Breast Cancer Diagnosis with Machine Learning

Alessandro Vullo
October 24th, 2017

Overview

The Problem

Identify whether each of a number of clinical cases of breast cancer is benign or malignant.

An interactive Shiny app has been developed with the following features:

  • train and evaluate alternative Machine Learning algorithms on the Wisconsin Breast Cancer Database;
  • allow the user to select which features to include in the model and which algorithm to apply;
  • display performance on a test set using ROC/AUC.
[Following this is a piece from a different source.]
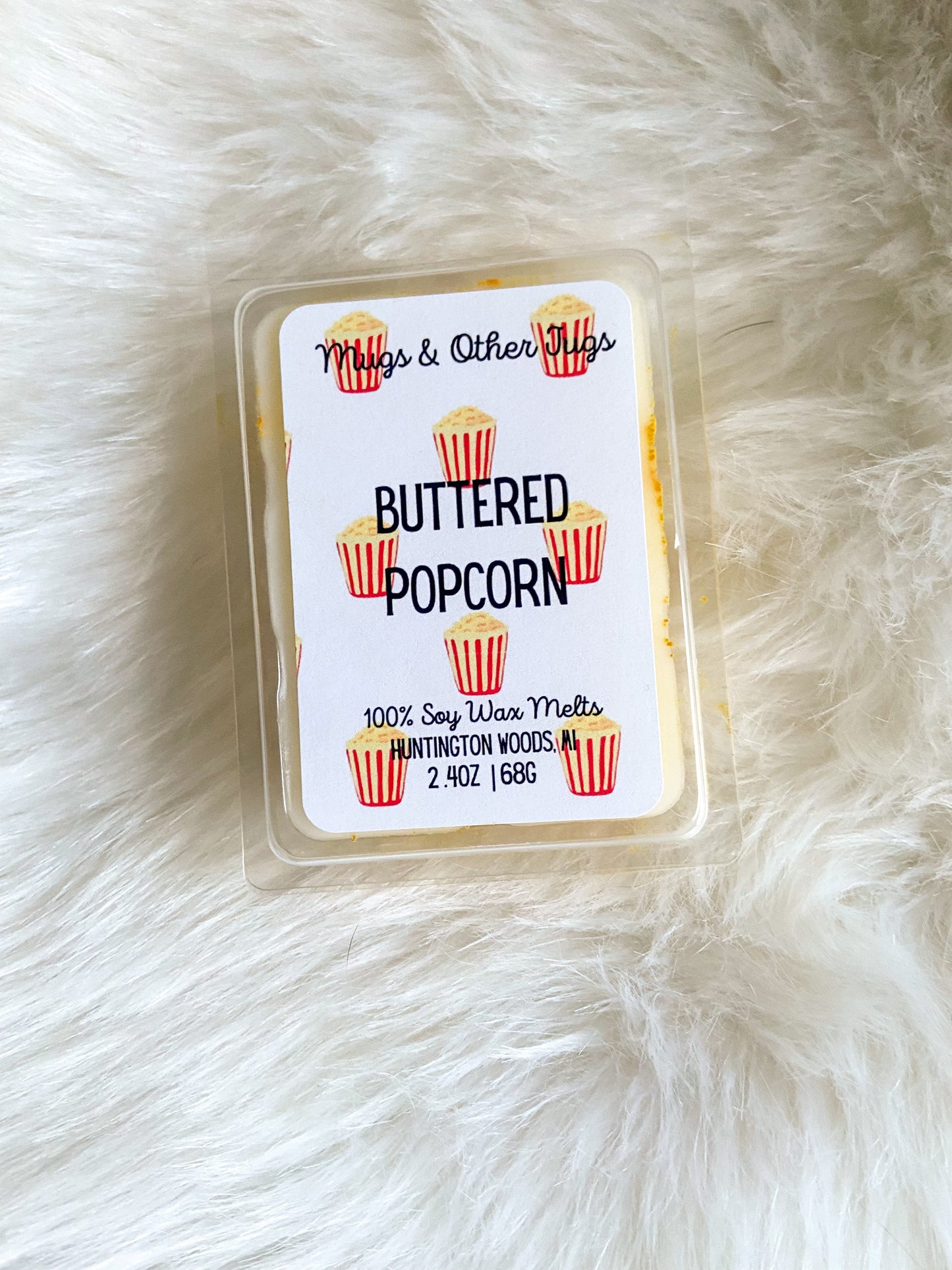 Wax Melts Clamshells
https://avullo.shinyapps.io/developing_data_products_course_project/

The Dataset

  • Available from package mlbench as the BreastCancer dataset: 699 observations on 11 variables (1 character variable, 9 ordered/nominal and 1 target class);
str(BreastCancer)
'data.frame':   699 obs. of  11 variables:
 $ Id             : chr  "1000025" "1002945" "1015425" "1016277" ...
 $ Cl.thickness   : Ord.factor w/ 10 levels "1"<"2"<"3"<"4"<..: 5 5 3 6 4 8 1 2 2 4 ...
 $ Cell.size      : Ord.factor w/ 10 levels "1"<"2"<"3"<"4"<..: 1 4 1 8 1 10 1 1 1 2 ...
 $ Cell.shape     : Ord.factor w/ 10 levels "1"<"2"<"3"<"4"<..: 1 4 1 8 1 10 1 2 1 1 ...
 $ Marg.adhesion  : Ord.factor w/ 10 levels "1"<"2"<"3"<"4"<..: 1 5 1 1 3 8 1 1 1 1 ...
 $ Epith.c.size   : Ord.factor w/ 10 levels "1"<"2"<"3"<"4"<..: 2 7 2 3 2 7 2 2 2 2 ...
 $ Bare.nuclei    : Factor w/ 10 levels "1","2","3","4",..: 1 10 2 4 1 10 10 1 1 1 ...
 $ Bl.cromatin    : Factor w/ 10 levels "1","2","3","4",..: 3 3 3 3 3 9 3 3 1 2 ...
 $ Normal.nucleoli: Factor w/ 10 levels "1","2","3","4",..: 1 2 1 7 1 7 1 1 1 1 ...
 $ Mitoses        : Factor w/ 9 levels "1","2","3","4",..: 1 1 1 1 1 1 1 1 5 1 ...
 $ Class          : Factor w/ 2 levels "benign","malignant": 1 1 1 1 1 2 1 1 1 1 ...
  • Dataset is split (50/50) into training (resp. testing) set to tune model (resp. evaluate performance)

Using the Application

Sidepanel

All controls are in the sidepanel on the left

  • Feature Selection

    • control the set of features the model will be built on;
    • default to all features, can disable a subset of them by toggling the corresponding checkbox
  • Algorithm Selection

    • choose which Machine Learning algorithm to train and test on this task
    • K-Nearest Neighbor/Linear Discriminat Analysis (simple/appropriate alternatives for this task)
  • Press Tune/Eval Model to go!

    • tune a model on the training set using bootstrapped resampling procedure
    • trained model used to predict benign/malignant class probabilities on test set

Output

Output

  • Plot of the ROC curve relative to the test set
    • show how specificity relates to sensitivity by varying the probability decision threshold;
  • Value of the Area Under the ROC Curve (AUC)
    • ~0.5 (nearly random prediction behaviour); ~1 (nearly perfect classification)
  • Extensive documentaion available in the other tab.